= Tante Marie =

Cookery school in Woking, Surrey, England

Tante Marie Culinary Academy is a cookery school in Woking, Surrey, England. It is the United Kingdom's oldest independent cookery school, established in 1954 by the cookery writer Iris Syrett.

It was the first school in the UK to offer a Cordon Bleu Diploma (though the Tante Marie Cordon Bleu diploma is its own independent qualification and the Academy is not part of the 'Le Cordon Bleu' international network). The diploma forms the backbone of Tante Marie's courses, which range in length from one day workshops in particular areas of cooking to the full-time, one-year professional Cordon Bleu Diploma which is awarded along with the Level 4 Diploma in Professional Culinary Arts, a formally accredited qualification, created by Tante Marie Culinary Academy with the Confederation of Tourism and Hospitality in 2010.

The Academy also has a restaurant staffed by graduates, who are studying for a Level 5 Diploma in Culinary and Hospitality Management whilst working in 'The Restaurant at Tante Marie'.

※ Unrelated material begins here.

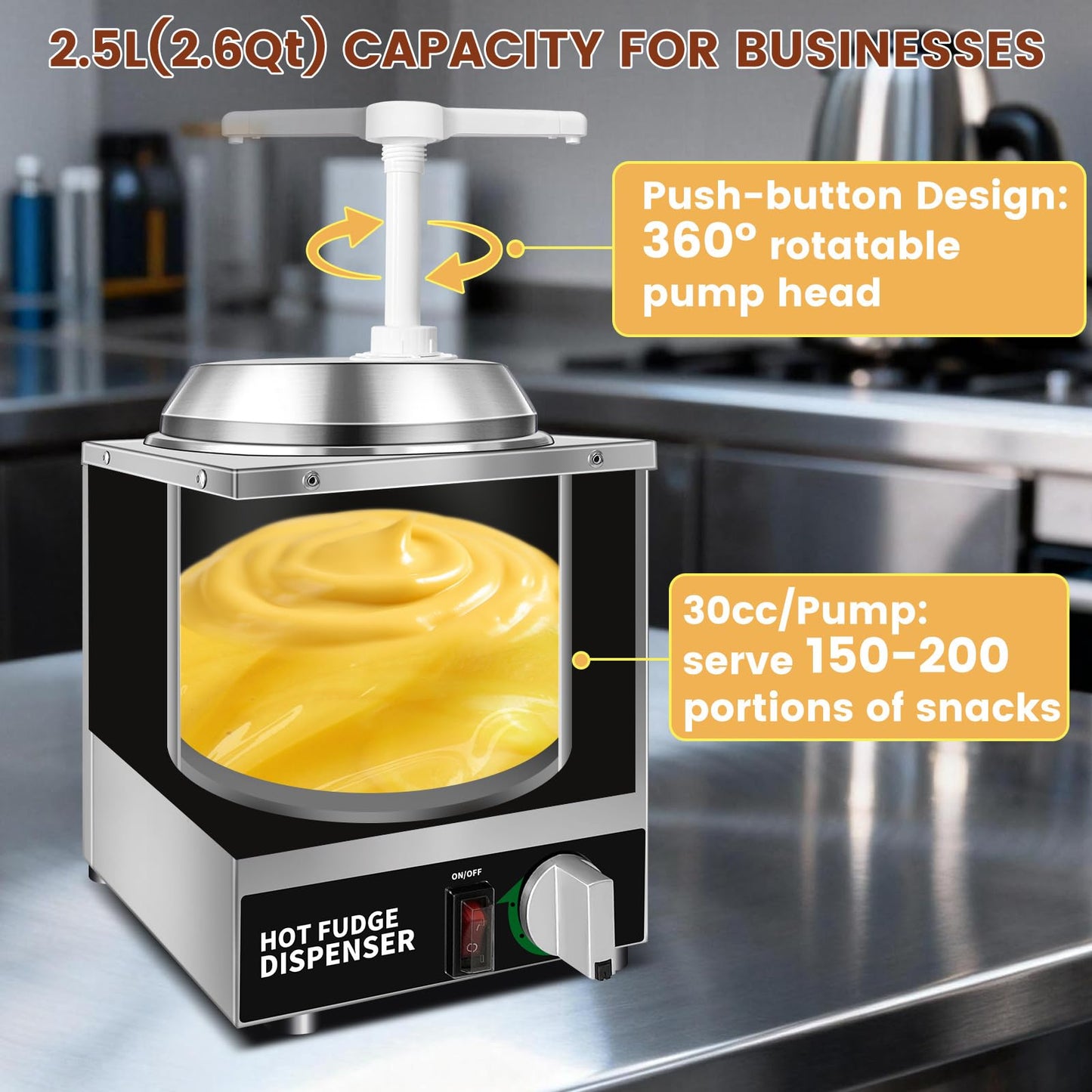 Julymoda Nacho Cheese Dispenser with Pump - 2.6QT Stainless Steel Cheese Warmer, Hot Fudge Warmer Machine with Temperature Control, Commercial Sauce Dispenser for Hot Milk, Hot Fudge, and Caramel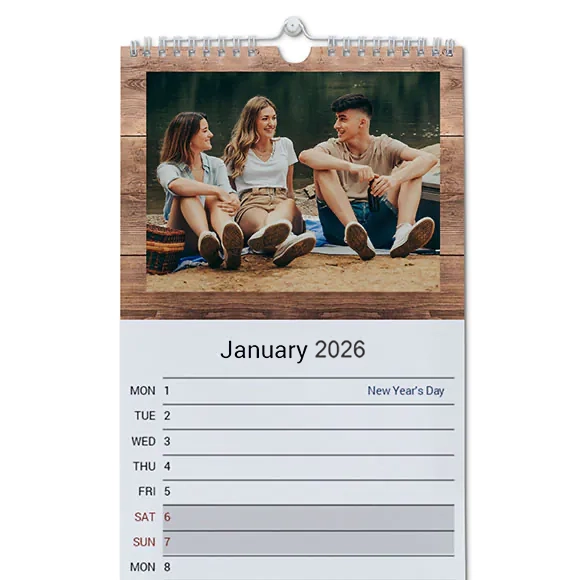 Six Photos Wood (Mid) Kitchen Calendar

Iris Syrett died in 1964, after which Wendy Majerowicz became Principal. In 1967 the school moved to Woodham House, Carlton Road. John and Beryl Childs, who owned the school from 1982 to 1999, continued the development of courses and curriculum into a programme that has become recognised as one of the world's leading independent providers of culinary training.

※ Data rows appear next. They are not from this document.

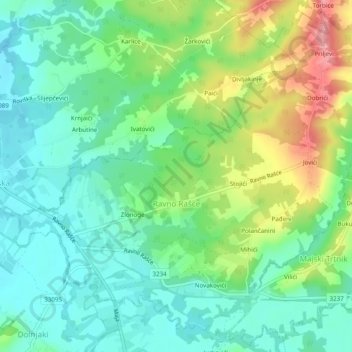 Ravno Rašće topographic map, elevation, terrain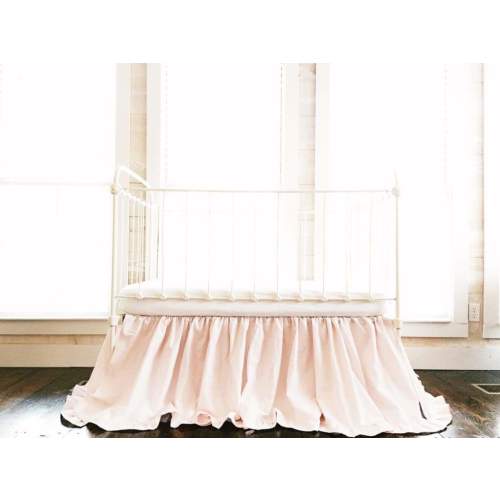 Baby Pink Ruffled Crib Skirt for Girls | High Cotton Textile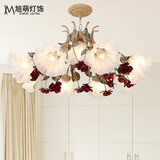 旭萌田园美式复古卧室吊灯乡村田园铁艺花草灯客厅大气餐厅灯别墅灯具 9头 LED三色变光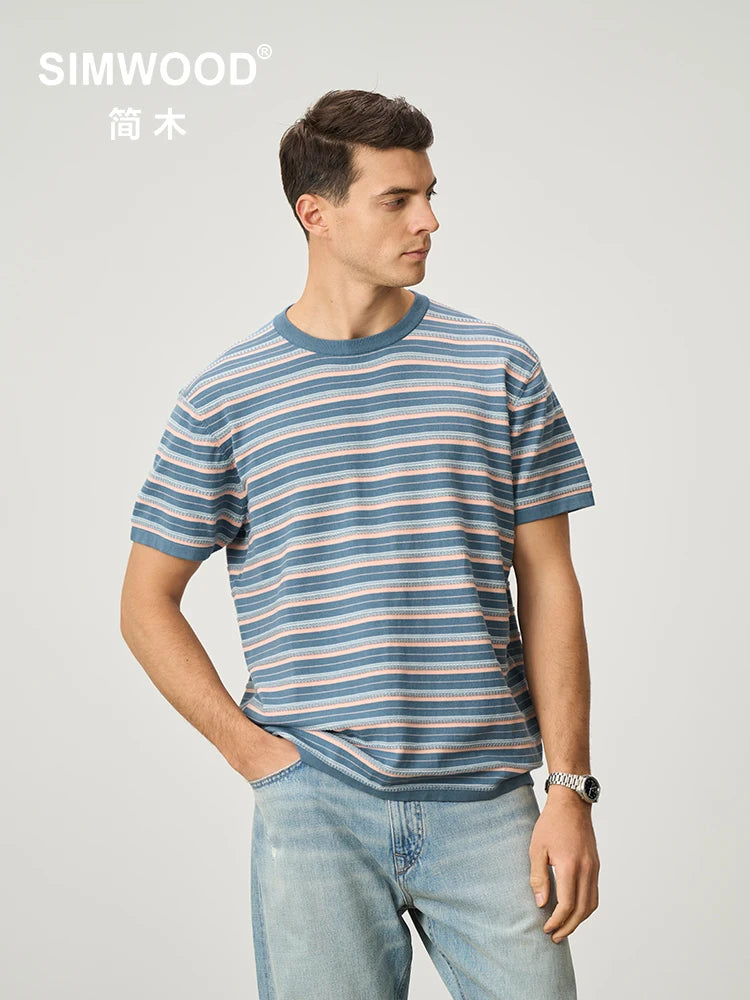 Men's Premium Knitted Striped T-Shirt - 14 Gauge Jacquard Regular Fit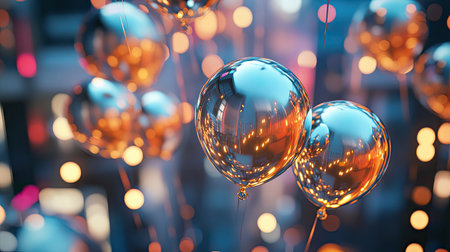 Shiny metallic balloons reflecting city lights as they rise above a dreamy urban background.の素材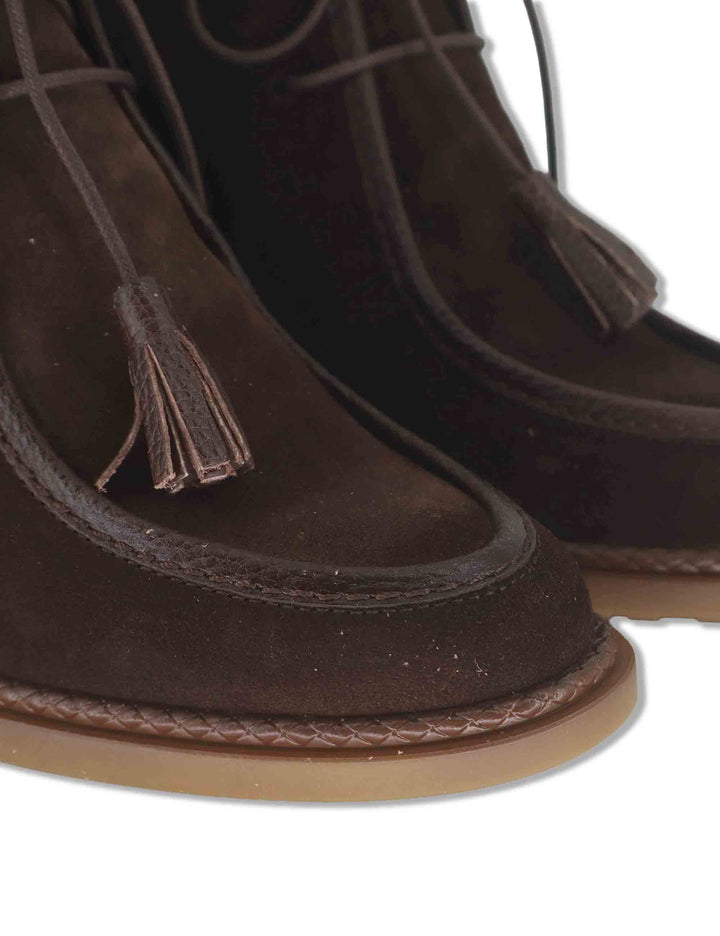 Stivaletti ankle boot donna in camoscio marrone con lacci vaschettone zip interna e tacco comodo HI265065 ESPRESSO Hispanitas 
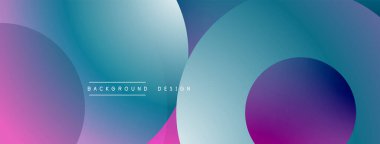 Katmanlı dairesel şekiller canlı renklerde, düzgün geçiş, derinlik efektleri ve modern, fütürist estetiğe sahip, gradyan açısından zengin soyut bir tasarım oluşturur.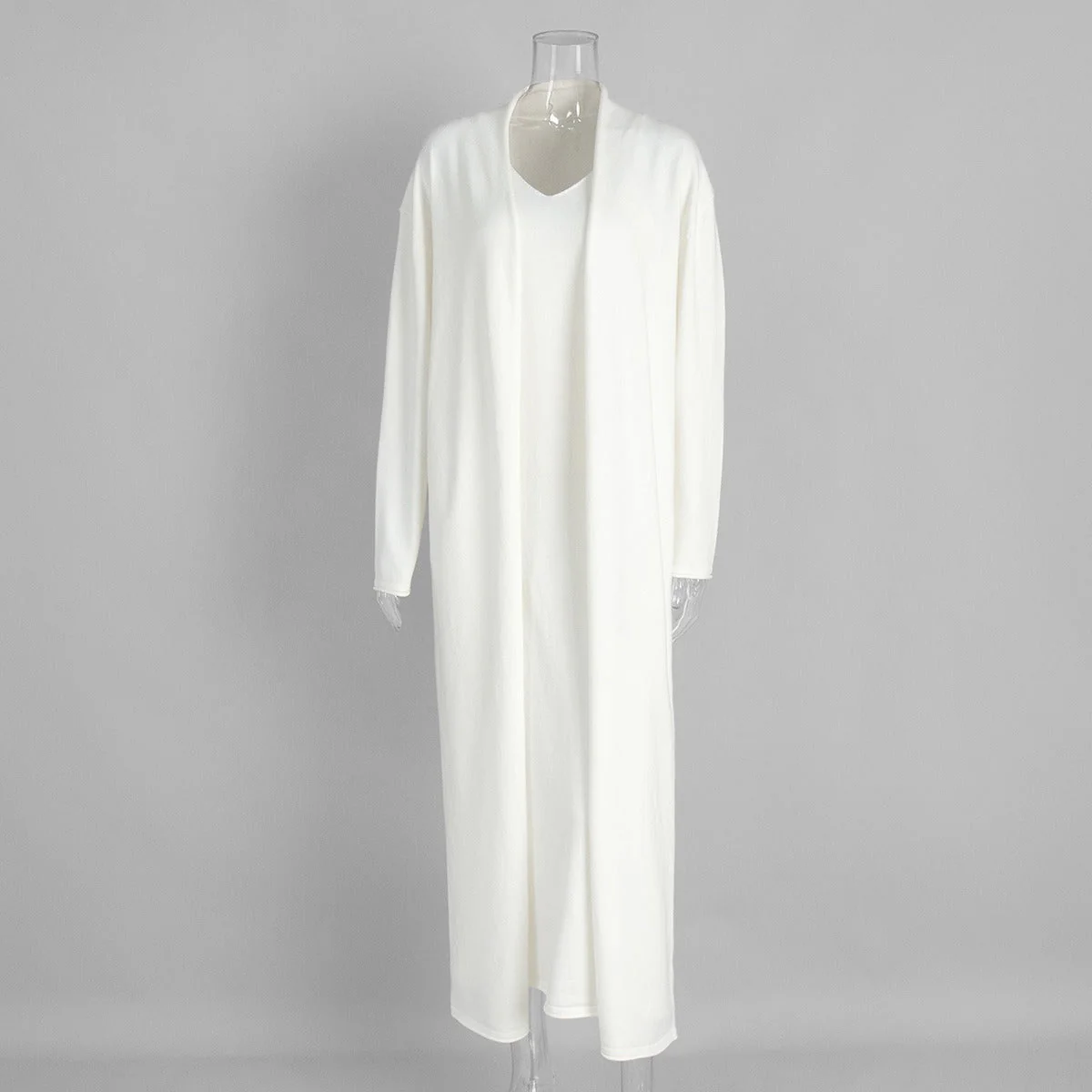 Elegant Knitted Two-Piece Set - Long Sleeve Cardigan & Suspenders Dress Women Outfit(MS108) - Image 17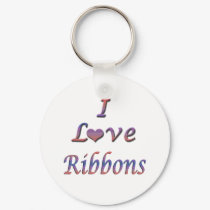I Heart (Love) Ribbons keychains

Marcella O'Donovan, one of the school's teachers, bought the school with the backing of her family in 1999. The O'Donovans oversaw the introduction of new courses to cater for the gap year and the amateur cook market, while at the same time maintaining the school's professional emphasis.

In April 2008, the school was bought by its then Deputy Principal, Andrew Maxwel with Gordon Ramsay Holdings and Lyndy Redding, a former graduate of the Intensive Cordon Bleu Diploma course who now owns Absolute Taste, a catering and events planning business based in London.

In May 2014 it was announced the school would be moving to a site in Woking town centre. The new base opened in the refurbished Alexander House, Commercial Way, in early 2015. Two floors of the building house the cookery school, with training theatre kitchen, student kitchens and lectures rooms.